Let $\displaystyle f$ be a function on the positive integers defined by
$\displaystyle f(n)=\begin{cases} \displaystyle\frac{n}{2}&\text{if }n\text{ is even}\\ n+1&\text{if }n\text{ is odd} \end{cases}$
Now let $\displaystyle g(n)$ be defined as the number of times $\displaystyle f$ must be applied to $\displaystyle n$ for it to first equal 1.
For example, $\displaystyle g(2)=1$ because $\displaystyle f(2)=1$ and $\displaystyle g(5)=5$ because $\displaystyle f(f(f(f(f(5)))))=1$.
How many solutions are there to the equation $\displaystyle g(n)=20$

2. I tried doing it reverse order, and came at a guess of 524288 or 38, don't suppose you have the answer do you? =)

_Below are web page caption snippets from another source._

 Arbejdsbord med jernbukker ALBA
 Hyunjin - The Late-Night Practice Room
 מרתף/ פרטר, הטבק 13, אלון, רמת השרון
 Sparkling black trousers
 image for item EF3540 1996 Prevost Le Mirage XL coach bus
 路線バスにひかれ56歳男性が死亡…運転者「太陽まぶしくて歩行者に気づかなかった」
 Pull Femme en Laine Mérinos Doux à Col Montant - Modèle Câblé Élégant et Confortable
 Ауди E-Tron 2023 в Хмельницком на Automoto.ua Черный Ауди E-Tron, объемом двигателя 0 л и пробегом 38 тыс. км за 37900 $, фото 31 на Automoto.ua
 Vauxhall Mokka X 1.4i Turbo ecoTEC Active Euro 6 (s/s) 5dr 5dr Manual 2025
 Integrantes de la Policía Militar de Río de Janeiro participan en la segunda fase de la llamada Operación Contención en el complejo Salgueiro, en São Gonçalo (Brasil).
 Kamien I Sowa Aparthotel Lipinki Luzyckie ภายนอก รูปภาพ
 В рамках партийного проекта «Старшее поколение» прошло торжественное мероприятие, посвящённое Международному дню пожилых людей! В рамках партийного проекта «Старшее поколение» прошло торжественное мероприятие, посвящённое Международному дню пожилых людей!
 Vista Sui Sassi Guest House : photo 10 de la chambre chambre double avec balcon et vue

3. Originally Posted by Nyoxis
I tried doing it reverse order, and came at a guess of 524288 or 38, don't suppose you have the answer do you? =)
The answer I got was 4181, but I need some confirmation.

4. Originally Posted by math sucks
The answer I got was 4181, but I need some confirmation.
I've been playing with this for a bit and found out the following.

We may derive an expression for g(x) by considering the decomposition of x into $\displaystyle x = 2^n + r$. In this way we may derive a recursively defined series that generates a value for any g(x) in terms of n and r. I have not carried out the full treatment, but have derived the following table:
$\displaystyle 2^n~\implies~n \text{ steps}$
$\displaystyle 2^n + 1 ~\implies~2n + 1 \text{ steps}$
$\displaystyle 2^n + 2 ~\implies~2n \text{ steps}$
$\displaystyle 2^n + 3 ~\implies~2n \text{ steps}$
$\displaystyle 2^n + 4 ~\implies~2n - 1 \text{ steps}$
$\displaystyle 2^n + 5 ~\implies~2n - 1 \text{ steps}$
$\displaystyle 2^n + 6 ~\implies~2n - 1 \text{ steps}$
$\displaystyle 2^n + 7 ~\implies~2n - 1 \text{ steps}$
$\displaystyle 2^n + 8 ~\implies~2n - 2 \text{ steps}$

I think you can guess how the pattern goes from this.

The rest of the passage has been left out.